One third of practices had at least a week to wait for an appointment with another third of callers having to wait fewer than three days.
The report also warns of “digital exclusion” for patients lacking the IT skills help their doctor diagnose problems
An 87-year-old widower, whose identity is being protected, told surveyors she had waited more than six weeks to get treatment for dry, purple patches spreading on her legs.
Once her son helped her send the practice a photograph, she was sent compression stockings in the mail, which she may not be able to put on herself.
An 82-year-old disabled man told Healthwatch the earliest appointment for pressure sores and a fungal infection on his foot was in 26 days.
He said: “Fortunately, I have an alternative option to get professional medical examination before my foot infection is left to fester for 26 days.”
The report calls for extra surgery sessions to be added when backlogs arise and for GPs at hubs and walk-in clinics to be able to refer patients directly to specialists.

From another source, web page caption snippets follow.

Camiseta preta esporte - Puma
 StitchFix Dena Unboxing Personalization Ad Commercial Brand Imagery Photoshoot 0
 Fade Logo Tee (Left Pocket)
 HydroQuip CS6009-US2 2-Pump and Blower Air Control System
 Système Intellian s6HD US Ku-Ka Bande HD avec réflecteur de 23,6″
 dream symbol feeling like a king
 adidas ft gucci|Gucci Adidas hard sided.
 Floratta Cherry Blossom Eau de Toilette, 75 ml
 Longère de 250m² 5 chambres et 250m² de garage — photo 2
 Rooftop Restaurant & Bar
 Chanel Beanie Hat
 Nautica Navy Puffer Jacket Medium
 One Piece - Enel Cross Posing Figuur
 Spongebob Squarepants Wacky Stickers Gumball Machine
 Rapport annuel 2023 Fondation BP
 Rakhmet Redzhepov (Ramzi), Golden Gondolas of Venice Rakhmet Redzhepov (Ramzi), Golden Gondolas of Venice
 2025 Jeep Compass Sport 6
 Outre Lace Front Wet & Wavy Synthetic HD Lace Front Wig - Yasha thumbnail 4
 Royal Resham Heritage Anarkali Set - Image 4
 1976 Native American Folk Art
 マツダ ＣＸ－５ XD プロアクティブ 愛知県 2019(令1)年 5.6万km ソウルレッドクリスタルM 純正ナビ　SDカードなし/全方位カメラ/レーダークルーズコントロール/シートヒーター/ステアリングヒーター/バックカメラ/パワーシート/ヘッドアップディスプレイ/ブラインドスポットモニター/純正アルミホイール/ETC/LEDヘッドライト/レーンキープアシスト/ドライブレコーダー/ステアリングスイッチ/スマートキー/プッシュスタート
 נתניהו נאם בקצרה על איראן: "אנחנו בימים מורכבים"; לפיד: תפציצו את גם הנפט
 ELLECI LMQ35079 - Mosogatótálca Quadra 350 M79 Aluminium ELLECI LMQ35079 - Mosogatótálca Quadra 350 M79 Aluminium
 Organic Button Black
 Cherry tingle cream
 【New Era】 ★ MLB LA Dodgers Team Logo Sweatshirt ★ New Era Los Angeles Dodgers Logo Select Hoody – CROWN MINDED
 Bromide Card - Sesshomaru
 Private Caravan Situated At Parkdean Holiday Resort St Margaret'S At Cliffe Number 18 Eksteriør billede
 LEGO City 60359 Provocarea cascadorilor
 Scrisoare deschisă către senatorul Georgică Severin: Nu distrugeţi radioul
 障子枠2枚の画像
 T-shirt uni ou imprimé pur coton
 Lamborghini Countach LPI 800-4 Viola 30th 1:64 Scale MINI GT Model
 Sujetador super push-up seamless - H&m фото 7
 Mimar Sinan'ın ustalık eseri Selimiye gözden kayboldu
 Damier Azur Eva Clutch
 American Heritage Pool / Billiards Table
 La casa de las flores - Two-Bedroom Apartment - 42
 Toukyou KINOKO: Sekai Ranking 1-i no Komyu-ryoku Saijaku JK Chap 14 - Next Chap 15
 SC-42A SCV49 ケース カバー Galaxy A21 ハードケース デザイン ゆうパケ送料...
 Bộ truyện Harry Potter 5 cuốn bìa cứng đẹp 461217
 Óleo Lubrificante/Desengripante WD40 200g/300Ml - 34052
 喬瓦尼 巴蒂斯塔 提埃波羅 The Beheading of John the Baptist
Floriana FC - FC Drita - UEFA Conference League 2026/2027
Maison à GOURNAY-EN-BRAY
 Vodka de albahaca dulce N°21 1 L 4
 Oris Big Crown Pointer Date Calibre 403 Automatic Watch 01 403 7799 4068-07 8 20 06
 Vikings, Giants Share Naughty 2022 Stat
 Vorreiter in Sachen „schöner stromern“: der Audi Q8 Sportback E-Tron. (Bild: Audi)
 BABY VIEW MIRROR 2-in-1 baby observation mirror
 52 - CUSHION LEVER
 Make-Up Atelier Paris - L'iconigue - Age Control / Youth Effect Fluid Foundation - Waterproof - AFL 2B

At the Outer North East London Joint Health Overview & Scrutiny Committee in June this year, North East London CCG chair Dr Jagan John admitted there is a lot of “confusion” in the system over what services are face-to-face now.
He added: “We need to do a collective effort across the whole of North East London so that patients understand what the offer is and how they can access healthcare in general and the wider system.”